One aspect of the invention hence refers to the artificial alkane oxidation system, the methods of the inventions and the expression cassettes and host cells useful in the methods of the invention, wherein the at least one alkane is made of at least five carbon atoms or has at least one C5, five carbon building block that are present in an integer of 1 to 6, i.e. a carbon atom count of 5, 10, 15, 20, 25 or 30 per alkane molecule, respectively. The at least one alkane includes linear alkenes and non-linear alkenes. In an embodiment, the at least one alkane is a non-linear alkene. In a preferred embodiment the non linear alkene is a terpene. A reference to alkanes preferably is to be understood to refer to alkenes and more preferably to terpenes; accordingly any reference to alkane substrate is preferably a reference to alkene substrate, more preferably to terpene substrate and any reference to an alkane product is preferably a reference to an alkene product, more preferably to a terpene product.
In an embodiment the alkane oxidation system of the invention hence is to be understood to be a terpene oxidation system.
The disclosed alkane oxidation system includes one or more oxidase enzyme suitable to oxidise at least one alkane, at least one heterologous sesquiterpene synthase protein, optionally rubredoxin peptide, or/and the rubredoxin reductase peptide.
In another aspect of the invention an oxidase enzyme is an enzyme suitable to oxidise at least one alkane and carrying a PFAM domain A_desaturase (PF00487) preferably in its central part (analysed using version 34.0 of PFAM, for PFAM details see “Pfam: The protein families database in 2021: J. Mistry, S. Chuguransky, L. Williams, M. Qureshi, G. A. Salazar, E. L. L. Sonnhammer, S. C. E. Tosatto, L. Paladin, S. Raj, L. J. Richardson, R. D. Finn, A. Bateman Nucleic Acids Research (2020) doi: 10.1093/nar/gkaa913 and http://pfam.xfam.org/).
In one aspect of the invention, an oxidase enzyme is suitable to oxidise at least one alkane and an oxidoreductase of the Enzyme class 1.14.19.x. In a further aspect of the invention the oxidase enzyme is an enzyme of the enzyme class 1.14.19.1.

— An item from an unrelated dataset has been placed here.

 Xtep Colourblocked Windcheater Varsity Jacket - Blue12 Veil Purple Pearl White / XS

In one embodiment the oxidase enzyme or the mono-oxygenase enzyme or the alkane oxidising enzyme is defined as an integral membrane di-iron protein. In a further embodiment oxidase enzymes are based on enzymes from bacteria for example but not limited to those that are described further in Smits 2002, J Bacteriol 184, 1733-1742. Alkane oxidizing alkB enzymes have been described from a large range of bacteria (Smits 2002, J Bacteriol 184, 1733-1742). However, no activity of alkB enzymes was demonstrated on farnesene, or any other sesquiterpenes.

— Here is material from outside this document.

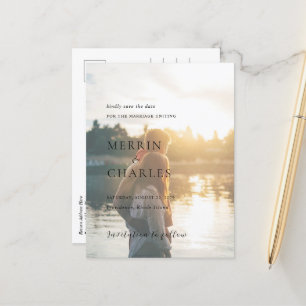 メリーンフォトエレガントなウェディング日付を保存 案内ポストカード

In one embodiment, the oxidase enzyme is an alkene monooxygenase from the subclass that is not fused to a rubredoxin naturally. Non-limiting examples are those provided as SEQ ID NO: 1 and 43. The person skilled in the art can determine easily by for example the length of the protein that if it is an alkene monooxygenase of the class fused to rubredoxin by nature, or the alkene monooxygenase class that is not.
Preferably, an oxidase enzyme is an alkane oxidising enzyme with at least 50% identity to the known Pseudomonas M1 alkB hydroxylase (Soares-Castro 2017 Appl Environ Microbiol 83:e03112-16.; SEQ ID NO: 1) for example any one of SEQ ID NO: 23 to 43 or any of the artificial proteins shown in SEQ ID NO: 10, 11 or a fragment or variant thereof. In one embodiment an oxidase enzyme is sourced from Pseudomonas species for example but not limited the Pseudomonas M1 bacterium or based on those enzymes form these organisms. This M1 is able to grow on myrcene, a monoterpene that has structural resemblance to farnesene but lacking one of the isoprene units.
More preferably, an oxidase enzyme is the alkane oxidising alk B enzyme with amino acid sequence having the sequence identity of at least 62%, 66%, 69%, 70%, 75%, 80%, 85%, 90%, 94%, 95%, 98% or 99% with any one of SEQ ID NO: 1, 10, 11 or 23 to 42, (PM1_0216370) for example one from the genus Acinetobacter, as exemplified by the Acinetobacter guillouiae protein disclosed under the Uniprot entry A0A077KZY1 or the Acinetobacter sp. Enzyme disclosed as A0A2S9EQI7 (SEQ ID NO: 23 and 24, respectively). In another more preferred embodiment, the oxidase enzyme of the alkane oxidation system is the alkane oxidising alk B enzyme with amino acid sequence having the sequence identity of at least 62%, 66%, 69%, 70%, 75%, 80%, 85%, 90%, 94%, 95%, 98% or 99% with SEQ ID NO. 43 encoding CMR5c oxidase protein/AlkB oxidase enzyme (Pseudomonas sp. CMR5c). SEQ ID NO: 44 encodes for SEQ ID NO: 43 as well as the rubredoxin of SEQ ID NO:45.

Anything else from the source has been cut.